C’est également à cette période que se développe la dévotion à la Vierge, notamment à travers le thème de la Vierge de Pitié qui rencontre un grand succès pendant tout le XVe et XVIe siècle, en Europe du Nord et en Italie. C’est la douleur de la Vierge, la douleur d’une mère qui est présentée aux fidèles à travers des oeuvres aux tailles variées.
En s’adressant aux spectateurs, Marie invite à la réflexion et à la méditation : : « Je m’adresse à vous, à vous tous qui passez ici ! Regardez et voyez s’il est une douleur pareille à ma douleur, A celle dont j’ai été frappée ! L’Éternel m’a affilée au jour de son ardente colère. » (Lamentations 1 : 12). En fonctions des sources littéraires, des périodes, des zones géographiques et des demandes des commanditaires ; les Vierges peuvent varier dans leur attitude : certaines se lamentent, pleurent, prient, se penchent sur le corps du Christ ou expriment une certaine acceptation. Notre Vierge se distingue par une grande dignité et une expression sereine face à la mort de son fils : elle accepte le sacrifice de Jésus pour sauver l’humanité.
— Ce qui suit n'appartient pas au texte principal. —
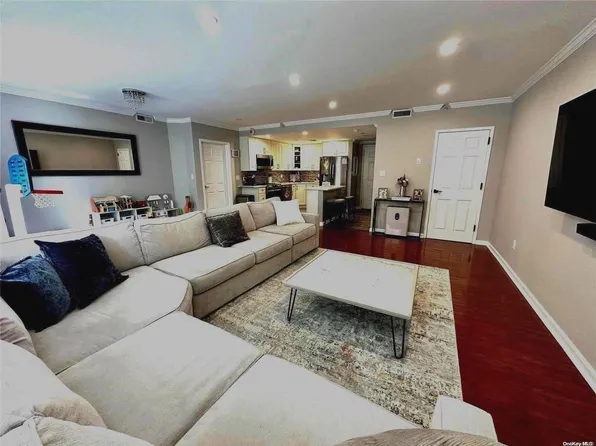 242 Maple Avenue #204, Westbury, NY 11590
Notre Vierge de Pitié est Champenoise. Nous pouvons le voir à l’allongement des membres du Christ ; à l’aspect juvénile de Marie, son visage de jeune femme malgré son âge mûr ; et l’idéalisation des traits des personnages (les visages ovoïdes, les yeux en amande, les traits fins, petit nez, front bombé pour les femmes), qui sont des éléments caractéristiques de la sculpture de cette région.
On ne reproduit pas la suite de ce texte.